Lo
Ta‘amod ‘al Dam Re‘ekha
Editorial Introduction
Mordechai Halperin, M.D.
“In the early hours of the morning of March 14, 1964, a
young woman named Kitty Genovese was attacked on her way home in Queens, New
York. The unknown assailant made several separate attacks on her over a period
of about forty minutes, and she finally died of the stabs he had inflicted on
her. As the police subsequently ascertained, at least thirty-eight neighbors
had heard her screams for help, some may have also seen her struggle, yet no
one intervened – not even to call the police.”
“As far as normative criteria are
concerned, the obligation to save life is established in the codex of Jewish
law as a legal obligation which obligates whoever happens to chance upon a
situation where he can intervene and save life.”

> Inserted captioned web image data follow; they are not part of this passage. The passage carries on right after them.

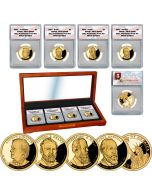 Presidential Dollar Year Set PR70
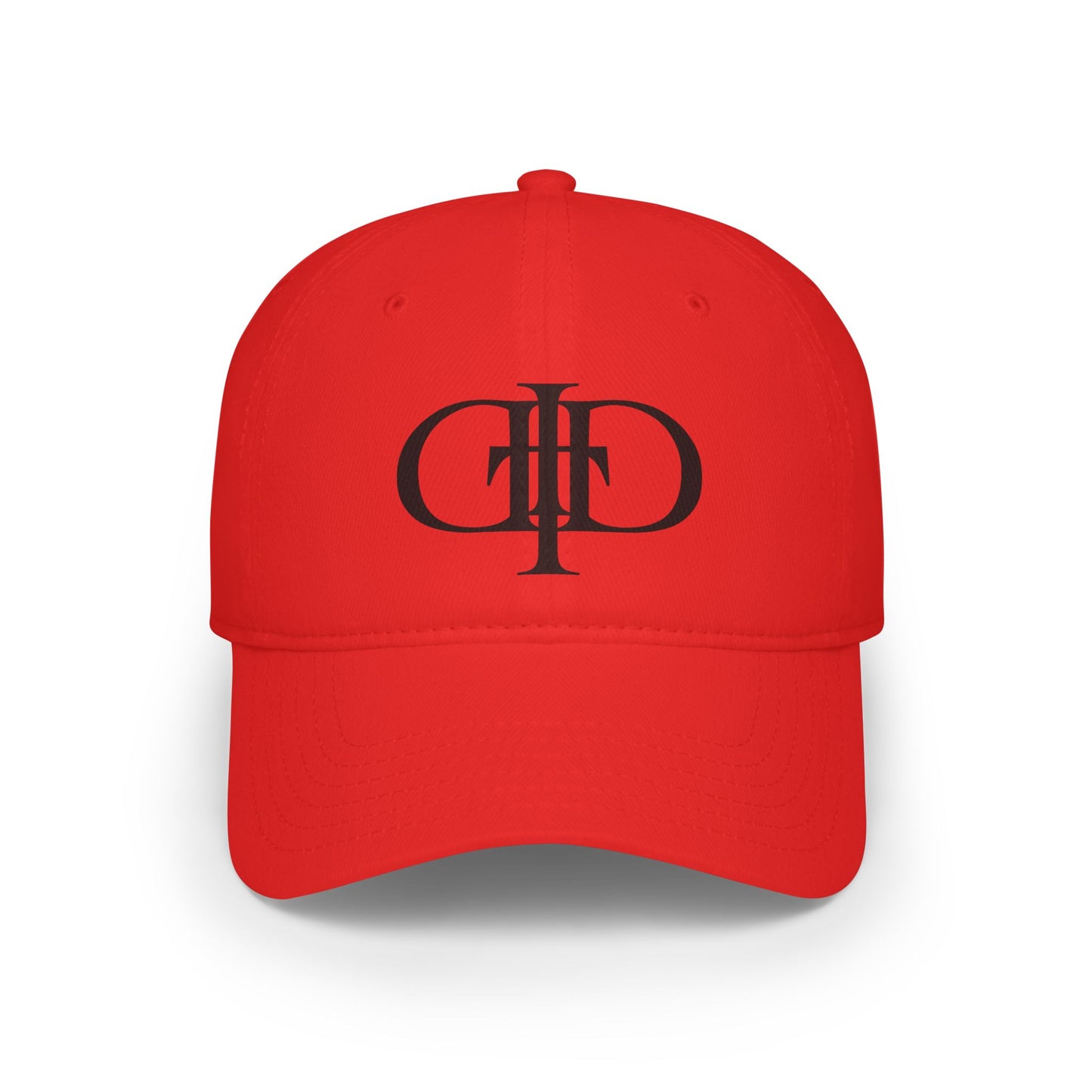 Disciple Dad Logo Cap — Minimalist Faith Streetwear Essential
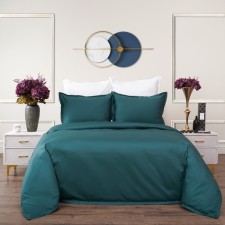 Sofi de Marko Selina bedding bedding, size 240x260 cm, 160x220 cm - 2 pcs, 50x70 cm - 2 pcs, 70x70 cm - 2 pcs, color dark green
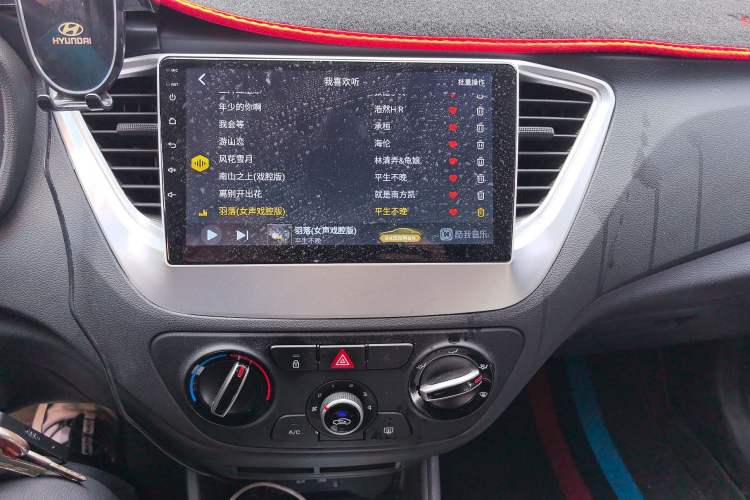 Used Hyundai Verna (new generation) 2016 1.4L Manual Cool Edition GLS Audio And AC Panel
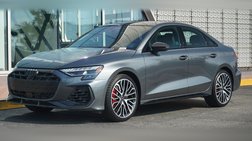 2026 Audi S3 2.0T quattro Premium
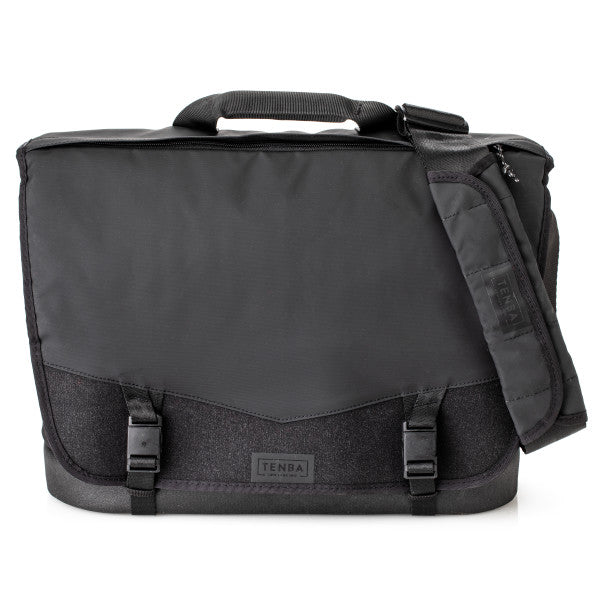 Tenba DNA 16 Slim Messenger Bag - Black from www.thelafirm.com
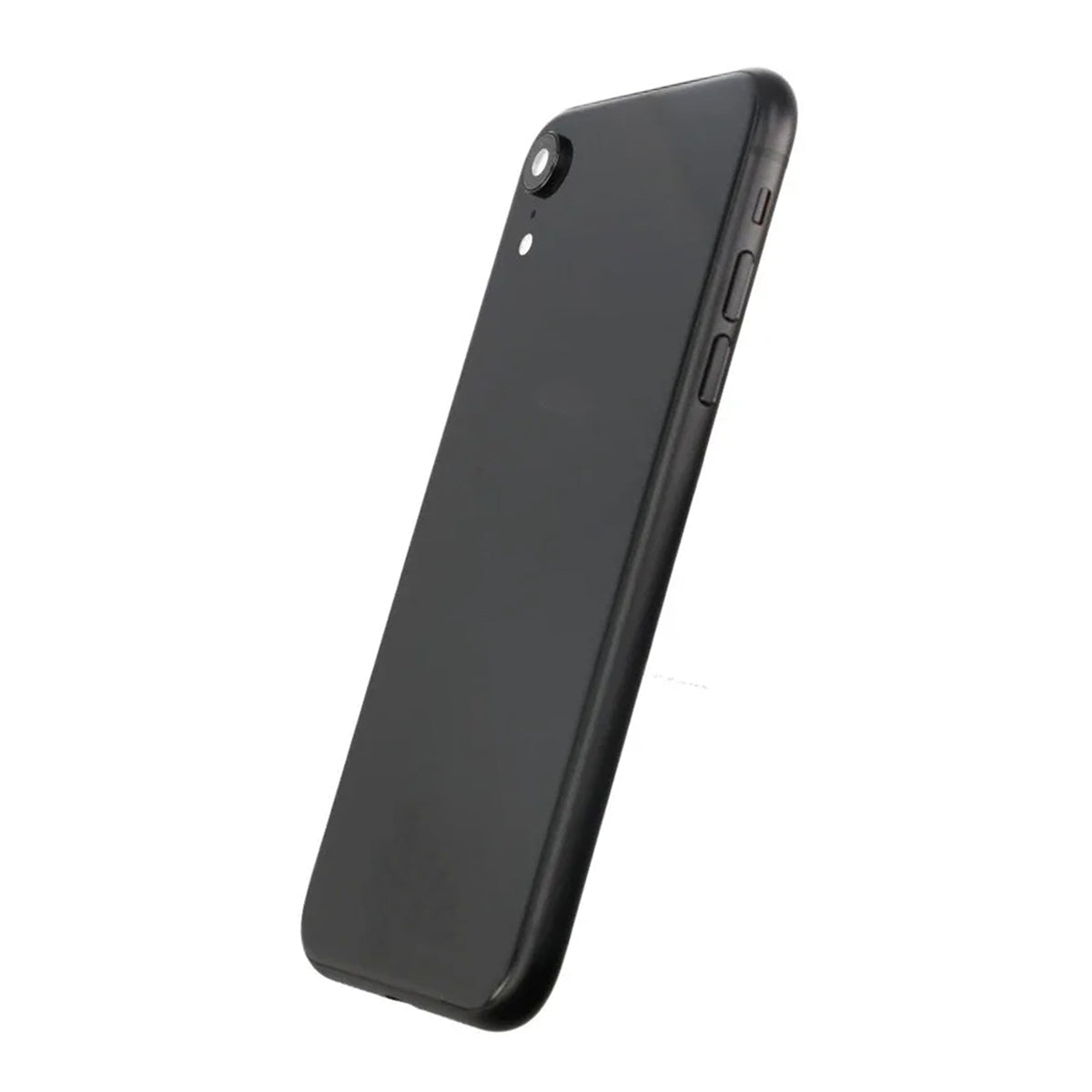 iPhone XR Back Cover Complete OEM Black With Small Parts image 4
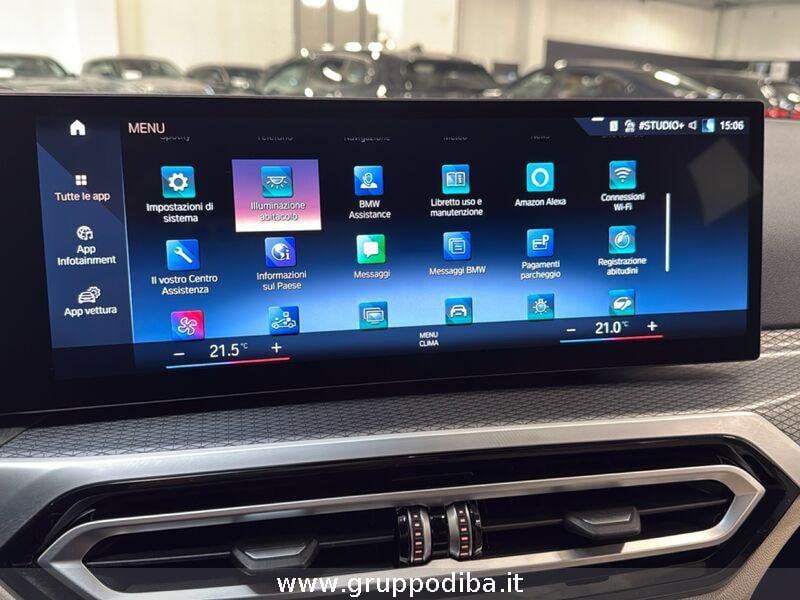 BMW Serie 3 Touring 320d Touring mhev 48V xdrive MSport auto- Gruppo Diba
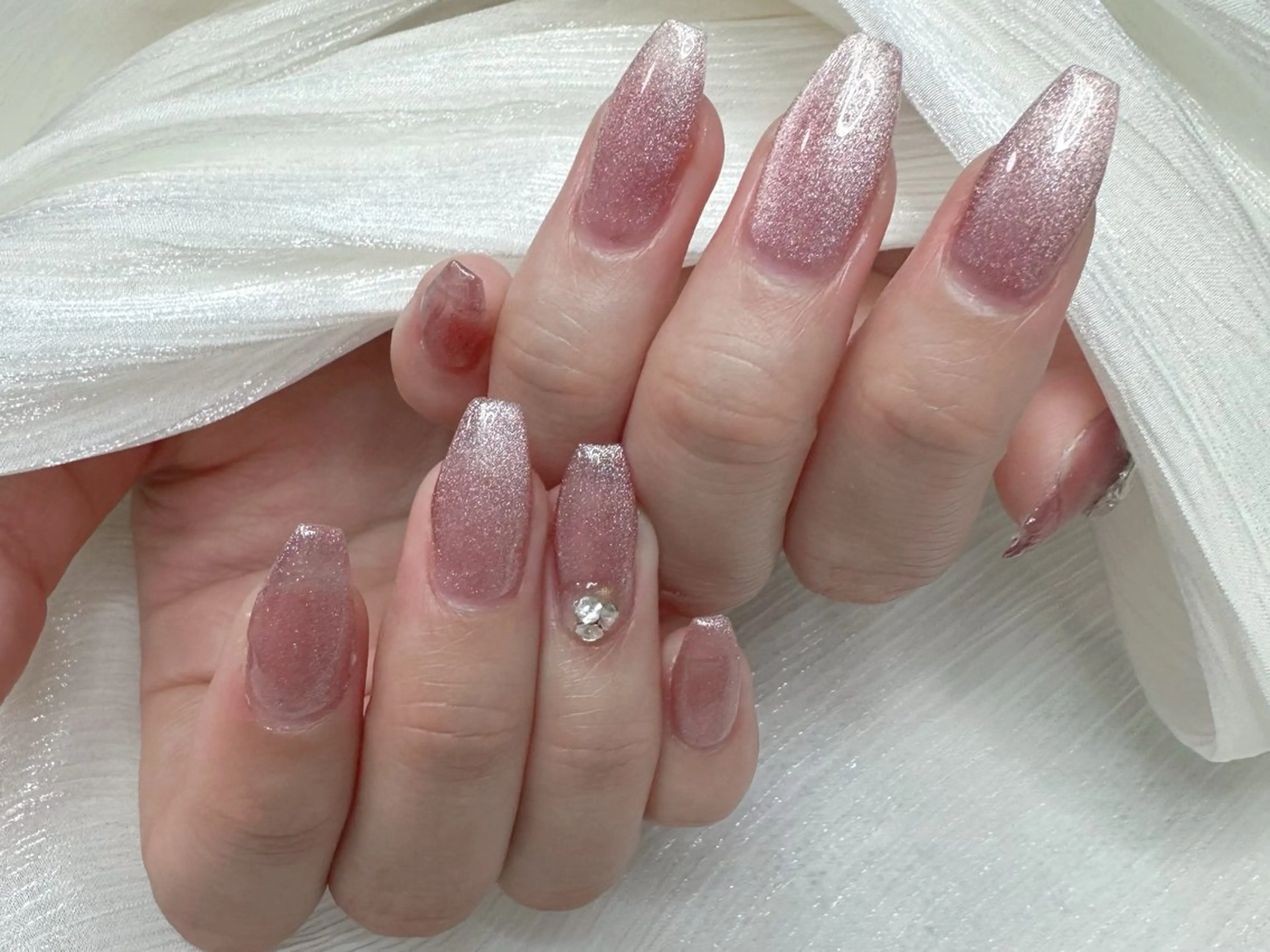 ネイル ハンドネイル 🎀YULI_ Nail 🎀新宿店のネイルデザイン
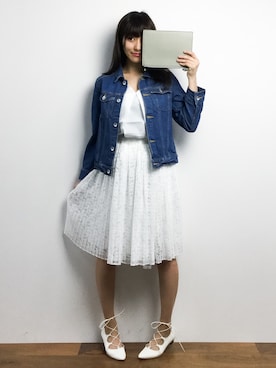 Mirei❤︎さん(レディース・162cm)の春コーディネート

Until recently, Israeli law did not
obligate rescuing someone whose life is in danger except for parents, who must
come to the rescue of their children; firefighters, who must come to the rescue
when they are summoned; and the driver of a car involved in an accident or the
driver of a car who passes by an accident, who must come to the rescue of those
injured. Aside from these three exceptions, there was no legal obligation to
save the life of one’s fellow man. All this changed in June 1998, when the Lo
Ta‘amod ‘al Dam Re‘ekha Law was passed by the Knesset.